*How to complete this task*
Please quote only the lines that start at the one with "Billede på glas" and go on to the last line of the data, both ends kept.

____

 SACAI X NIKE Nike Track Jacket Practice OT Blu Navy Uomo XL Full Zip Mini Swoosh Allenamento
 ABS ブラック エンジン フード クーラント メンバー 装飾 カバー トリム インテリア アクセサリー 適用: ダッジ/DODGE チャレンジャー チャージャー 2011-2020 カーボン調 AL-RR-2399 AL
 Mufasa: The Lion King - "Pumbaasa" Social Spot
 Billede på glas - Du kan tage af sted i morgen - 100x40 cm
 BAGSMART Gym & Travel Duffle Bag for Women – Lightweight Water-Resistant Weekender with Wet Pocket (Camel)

____

*Result below*
 Billede på glas - Du kan tage af sted i morgen - 100x40 cm
 BAGSMART Gym & Travel Duffle Bag for Women – Lightweight Water-Resistant Weekender with Wet Pocket (Camel)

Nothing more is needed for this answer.